David Guetta
Nothing But The Beat
Astralwerks/Capitol
Since his name-making production on the Black Eyed Peas' "I Gotta Feeling," French house-music titan David Guetta has become a go-to guy for pop stars looking to navigate the increasingly techno-fied Top 40. Artists from 50 Cent to Rihanna have rung his studio bell. But Guetta always seemed hungry to be more than just a name on other people’s records: In the video for his current hit "Where Them Girls At," he DJs on an L.A. rooftop, turning pedestrians into party people – it's like an E’ed-up version of U2's "Where the Streets Have No Name."
If Guetta’s fifth album doesn't convince you that he's the Bono of the four-on-the-floor beat, it does show how good he is at making Eurohouse's thumping trounce and jet-engine synth whoosh feel like natural elements in the hip-hop, R&B and even rock continuum.
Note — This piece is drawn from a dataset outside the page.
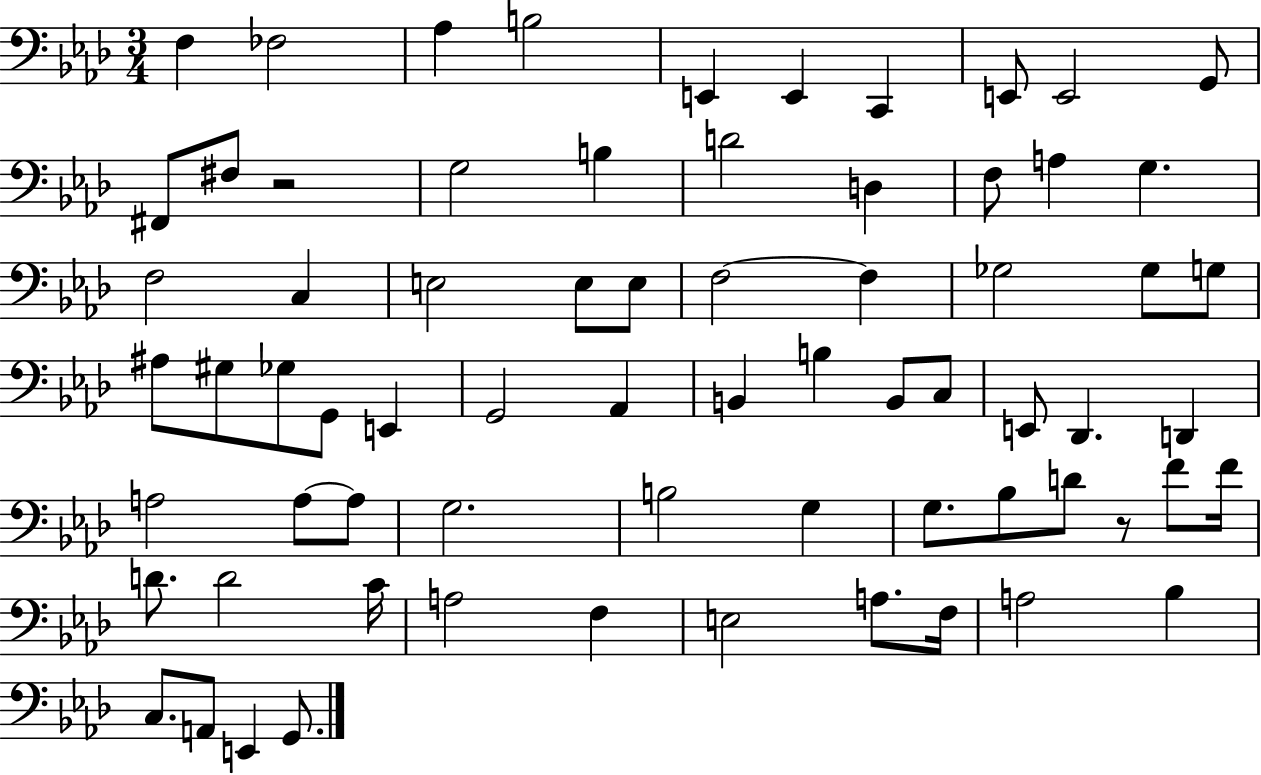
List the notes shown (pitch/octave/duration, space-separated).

F3/q FES3/h Ab3/q B3/h E2/q E2/q C2/q E2/e E2/h G2/e F#2/e F#3/e R/h G3/h B3/q D4/h D3/q F3/e A3/q G3/q. F3/h C3/q E3/h E3/e E3/e F3/h F3/q Gb3/h Gb3/e G3/e A#3/e G#3/e Gb3/e G2/e E2/q G2/h Ab2/q B2/q B3/q B2/e C3/e E2/e Db2/q. D2/q A3/h A3/e A3/e G3/h. B3/h G3/q G3/e. Bb3/e D4/e R/e F4/e F4/s D4/e. D4/h C4/s A3/h F3/q E3/h A3/e. F3/s A3/h Bb3/q C3/e. A2/e E2/q G2/e.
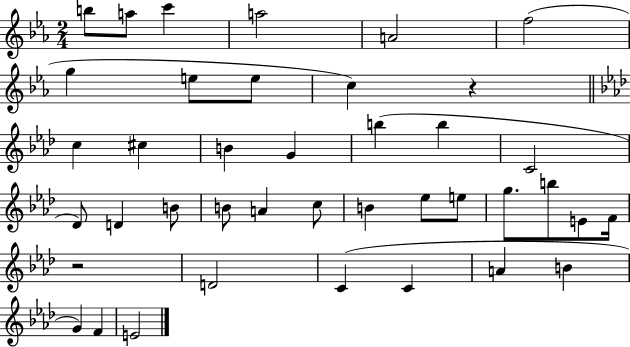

The best tracks here work a surefire formula: Rapper lubricates the throbbing verse, R&B star pretties up the sweeping ballad-big chorus. On "Little Bad Girl," Ludacris swaggers while Taio Cruz croons about a sexy club rat. Elsewhere, Usher gets lonely over Coldplay-style guitar ("Without U"), and Nicki Minaj demolishes the club ("All the girls in the back of me/This ain’t football, why the fuck they wanna tackle me," she raps on "Where Them Girls At"). The epic momentis "Nothing Really Matters," featuring Will.i.am; it's the album’s gushiest melody, turning an ode to partying your problems away into a call to escapist togetherness. Guetta and Will.i.am jell so well because they share a vision: dancefloor cheese as the glue of humanity.